» PROBLEM REQUIREMENTS
Below are records with pictures; copy word for word only the lines between the line with "Close-up of gray satin fabric with folds" and the line with "A family standing", inclusive, and drop the pictures.

» RECORDS SHOWN

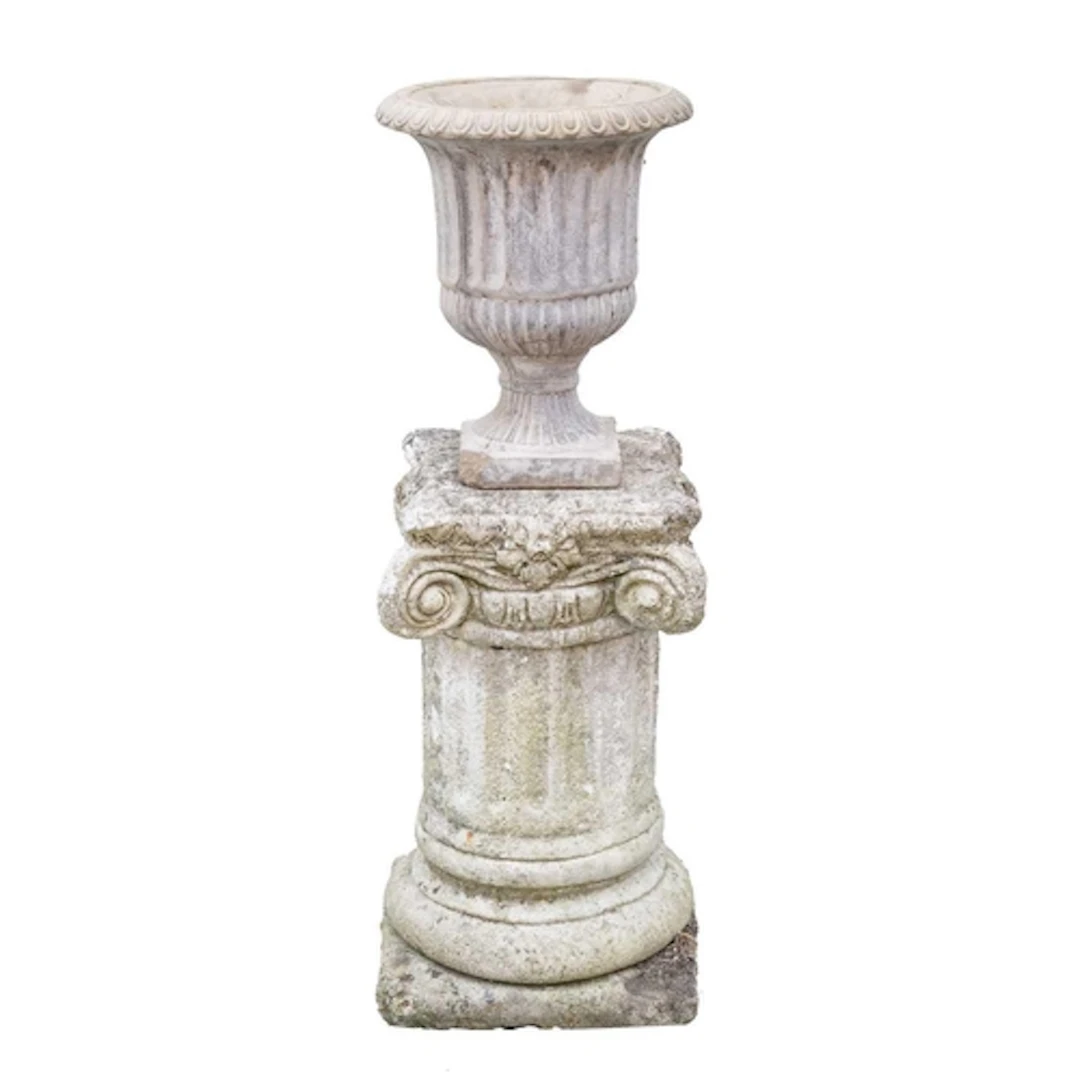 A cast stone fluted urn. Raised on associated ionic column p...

--

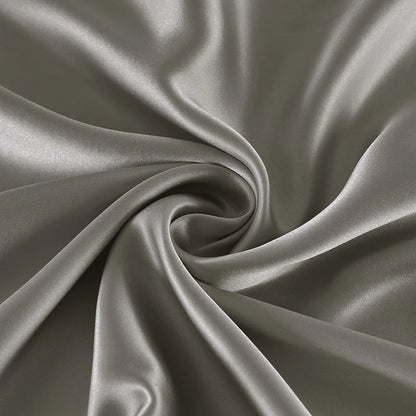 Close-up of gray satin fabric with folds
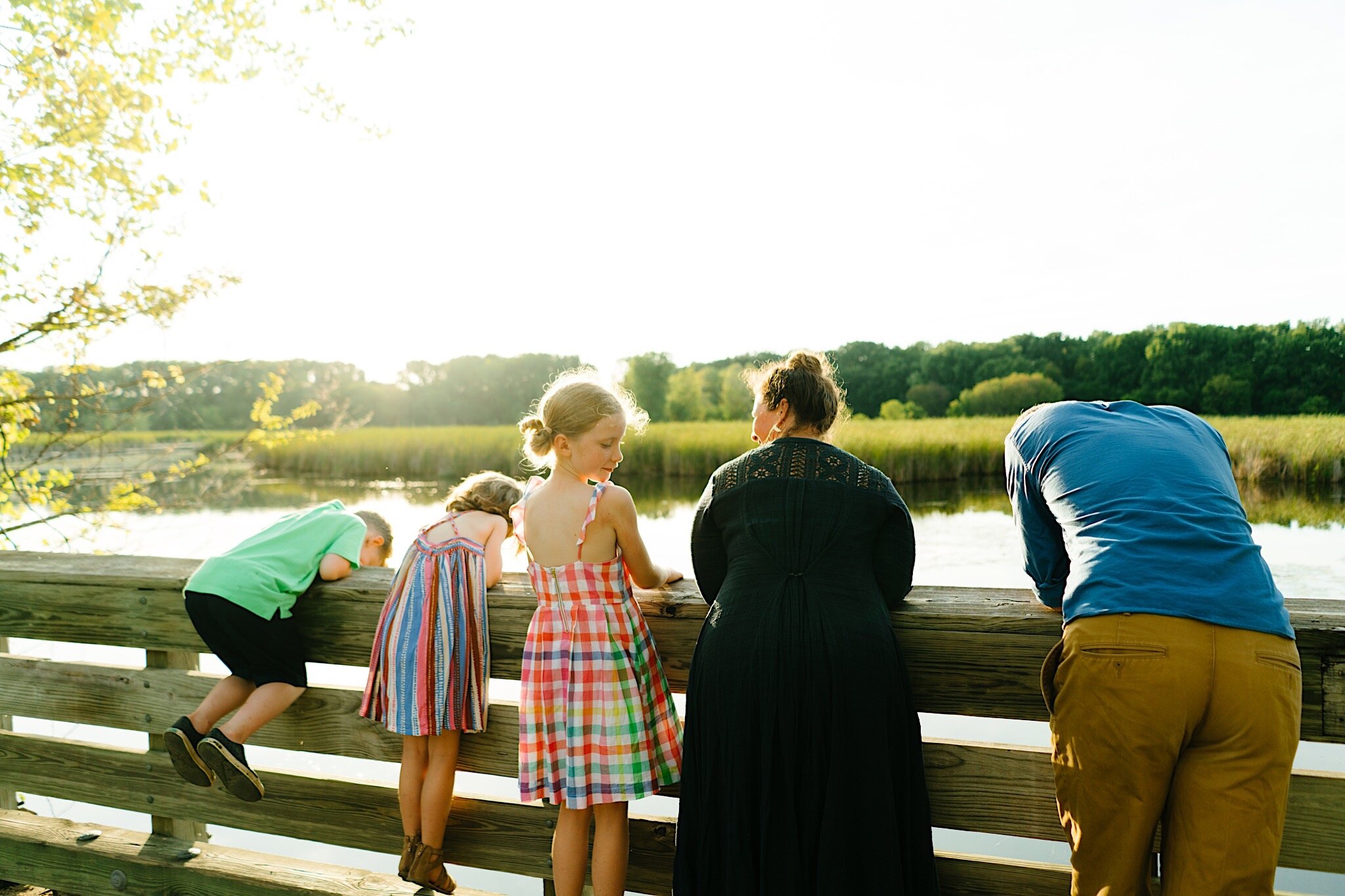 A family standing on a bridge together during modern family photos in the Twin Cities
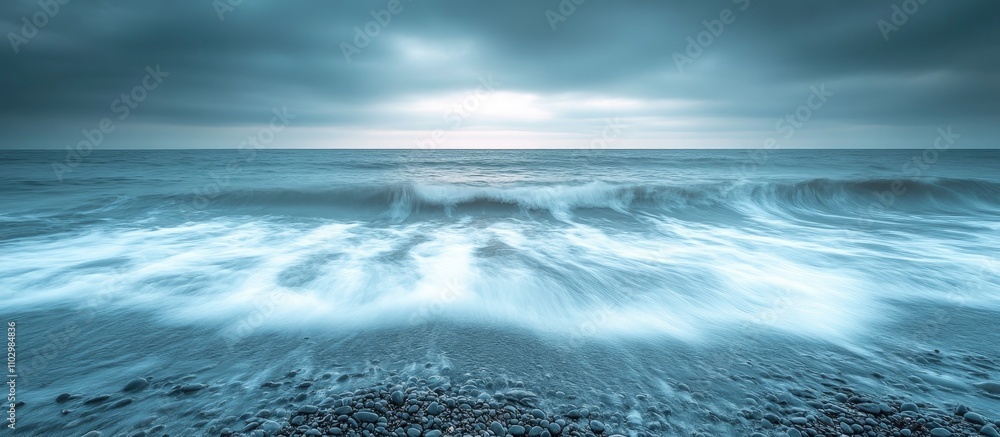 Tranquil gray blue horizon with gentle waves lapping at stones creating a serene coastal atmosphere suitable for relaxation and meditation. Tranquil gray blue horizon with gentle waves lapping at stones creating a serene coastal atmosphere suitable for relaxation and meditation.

» RESULT FOR THIS TASK
 Close-up of gray satin fabric with folds
 A family standing on a bridge together during modern family photos in the Twin Cities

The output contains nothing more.